Learning is the first step towards integrating adaptive capacity to your systems. You have to learn how your teams and your systems respond to stress. It’s why we don’t say “I’ve seen seven years of incidents” but instead “Well, let me tell you about one time when…”.

We go to Conferences to learn

We have 1:1s where we learn

We read up on blog posts and books to learn

All of these are stories. When we improve in our orgs, we don’t say “Remember: This consul config needs to be set to 360”. It’s “Remember the time Consul started to demand more resources during that sales push?
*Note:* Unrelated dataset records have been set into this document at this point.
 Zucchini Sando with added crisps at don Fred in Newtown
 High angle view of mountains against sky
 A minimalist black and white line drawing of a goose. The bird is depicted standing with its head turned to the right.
We had to bump the config here to 360, because underneath that number we can’t keep a quorum quickly enough”. Our improvements are intrinsically tied to our experiences and our learning.

If all of this is ever present and without conscious thought, why bother placing so much emphasis on learning? We’re going to adapt anyways - why not just fix stuff and move on? It’s a lot faster after all.

Simple answers aren’t enough. Our runbooks are useful - but they’re not enough. The dashboards we put in place and the action items generated help, but they don’t connect all the dots. The metrics we surface to illustrate a point are two dimensional when we need to see the bigger picture. They’re data - we need insights.

We never know what’s next, looming over the horizon. Learning is the only way to be prepared for whatever is to come.